Opening multi-dim arrays in RDataFrame as flattened 1-dim array using pyROOT

Hi ROOT forum,
I am trying to update my code to use RDataFrames for the first time and am struggling to access a certain branch containing multi-dimensional arrays in my tree. I am able to access it the “standard” way in an event loop, and I am aware of other posts and the open ticket (ROOT-9509) where it is pointed out that multi-dimensional branches are currently not supported with RDataFrames, but need to be flattened to 1-dim branches. This workaround is fine for me, I just couldn’t figure out how to do this based on the answers provided in other posts, nor could I find an example of how to implement this for RDataFrames (rather than for a TTreeReader) and in python (rather than c++). I’m very sorry about my limited coding knowledge in case this should be straightforward to see. Here’s a minimal example that first shows how I access the branch without and then with RDataFrame:

#!/usr/bin/python3

import ROOT 

def normal_attempt(infile):
    print('\nFirst 3 events in event-loop approach:\n')
    data = ROOT.TFile.Open(infile,'read')
    tree = data.Get('default')
    for evt in range(0,3): 
        tree.GetEntry(evt)
        print(f'evt: {evt}, acl: {[tree.accum_level[s] for s in range(21)]}')

def rdf_attempt(infile):
    print('\nAttempt to access branches via rdf:\n')
    d = ROOT.RDataFrame('default',infile)
    entries1 = d.Filter('true_reaccode == 1').Count()
    print(f'{entries1.GetValue()} signal events') # for reference, this still works
    entries2 = d.Filter('accum_level>1').Count()
    print(f'{entries2.GetValue()} entries passed first 2 cuts')
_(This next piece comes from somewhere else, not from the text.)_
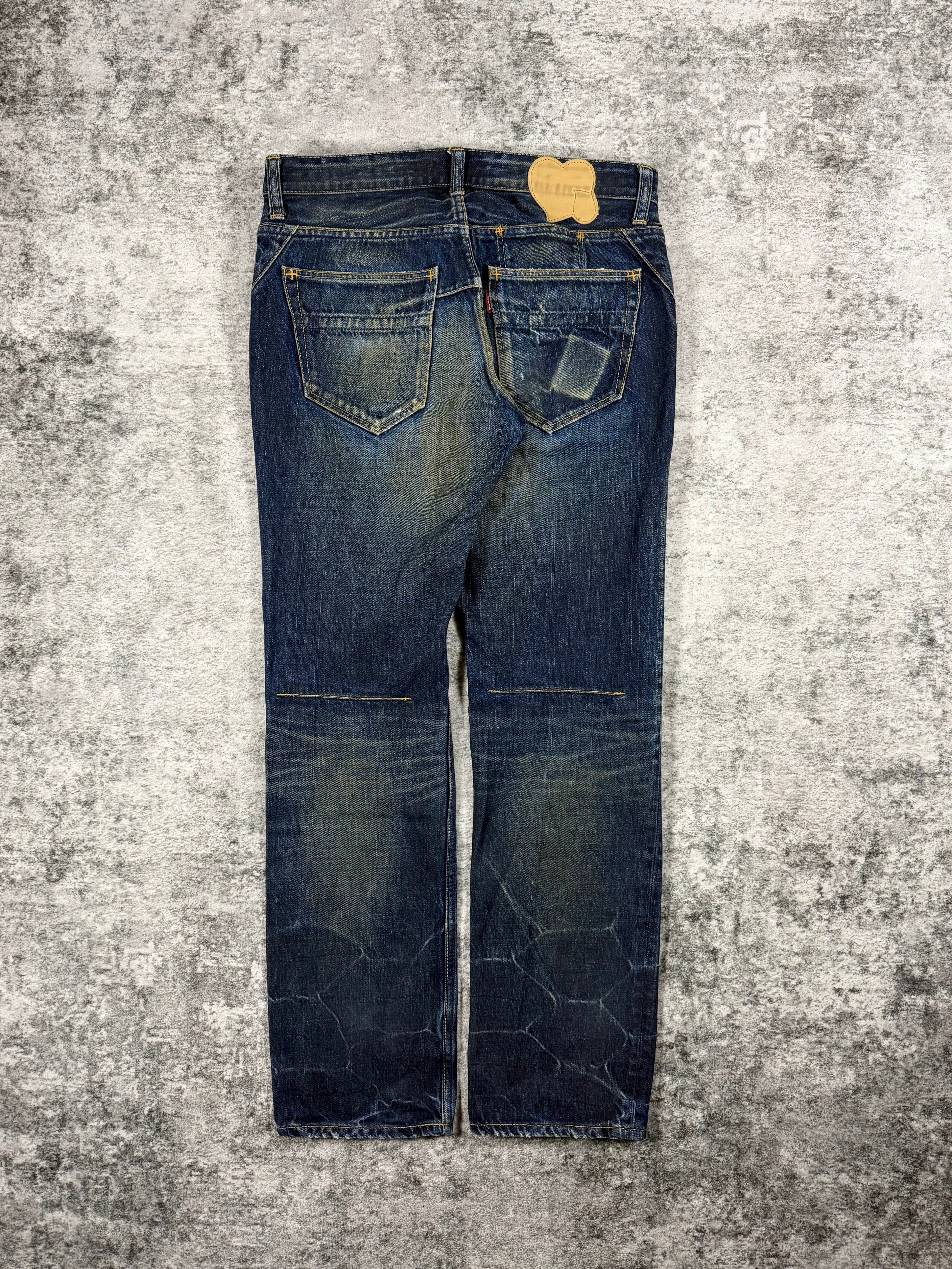 SS08 Number (N)ine “Birds” Indigo Honeycomb Mudwash Pain Denim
if __name__ == '__main__':
    infile='test.root'
    normal_attempt(infile)
    rdf_attempt(infile)

I get the branch entries printed using the original attempt, and get the same error as seen in other posts when using the RDataFrame attempt:

First 3 events in event-loop approach:

evt: 0, acl: [2, 2, 2, 2, 2, 2, 2, 2, 2, 2, 3, 3, 3, 3, 3, 2, 2, 2, 3, 3, 3]
evt: 1, acl: [2, 2, 2, 2, 2, 2, 2, 2, 2, 2, 3, 3, 3, 3, 3, 2, 2, 2, 3, 3, 3]
evt: 2, acl: [2, 2, 2, 2, 2, 2, 2, 2, 2, 2, 3, 3, 3, 3, 3, 2, 2, 2, 3, 3, 3]
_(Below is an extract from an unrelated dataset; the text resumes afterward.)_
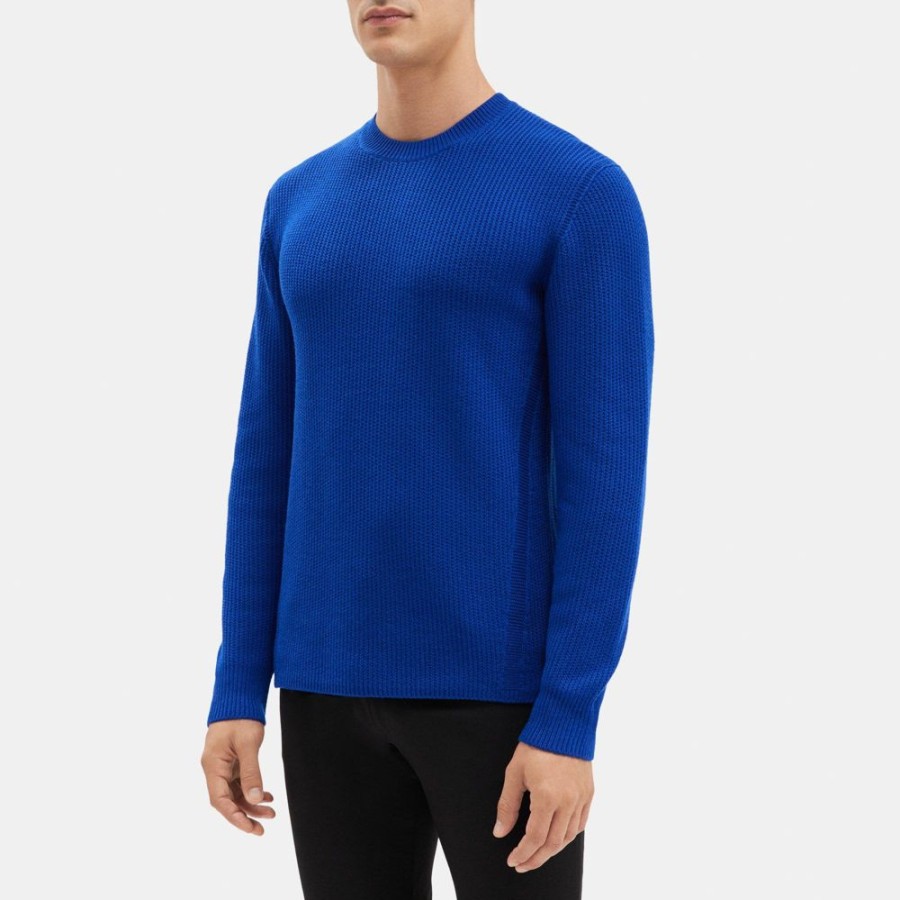 Men Theory Outlet | Crewneck Sweater In Merino Wool Klein Blue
Attempt to access branches via rdf:

26233 signal events
Traceback (most recent call last):
  File "/Users/Katharina/src/t2k/ultimate_plotting/minimal_rdf_issue.py", line 26, in <module>
    rdf_attempt(infile)
  File "/Users/Katharina/src/t2k/ultimate_plotting/minimal_rdf_issue.py", line 20, in rdf_attempt
    entries2 = d.Filter('accum_level>1').Count()
cppyy.gbl.std.runtime_error: Template method resolution failed:
  ROOT::RDF::RInterface<ROOT::Detail::RDF::RJittedFilter,void> ROOT::RDF::RInterface<ROOT::Detail::RDF::RLoopManager,void>::Filter(basic_string_view<char,char_traits<char> > expression, basic_string_view<char,char_traits<char> > name = "") =>
    runtime_error: TTree leaf accum_level.accum_level has both a leaf count and a static length. This is not supported.

I would be very grateful if you could explain how to correctly open my accum_level branch by indicating for it to be opened as flattened 1-dim array, for the case of using RDataFrames with pyROOT. Thanks a lot in advance!

P.S.: sorry for not providing links to the existing related posts, the ticket, and my input file - the ROOT forum does not allow new users to add links to posts. Maybe I can try to provide them in a reply to this post(?).

ROOT Version: 6.26/06
Platform: MacOS 11.7.10, intel silicon

existing post: Flatten multi-dimensional array in rDataframe - #9 by SiewYan
the ticket: https://its.cern.ch/jira/browse/ROOT-9509
my example input file: CERNBox

Hello,

Thanks for the interesting post and welcome to the ROOT community!

Apologies for being perhaps thick here, but could the post you link from 2022 unblock you?

Best,
D

Thank you for your fast reply! Here’s what I tried so far following following what the poster from 2022 did:

d = d.Define('accum_level_flat', 'accum_level[21]')
d = d.Define('accum_level_flat', 'accum_level[0][21]')
d = d.Define('accum_level_flat', 'accum_level[accum_level+21]')
d = d.Define('accum_level_flat', 'accum_level[][]')
d = d.Define('accum_level_flat', 'accum_level[]')

All of those versions still got the same error with unsupported leaf count and static length… It might really just be me not being able to get one detail in the syntax right?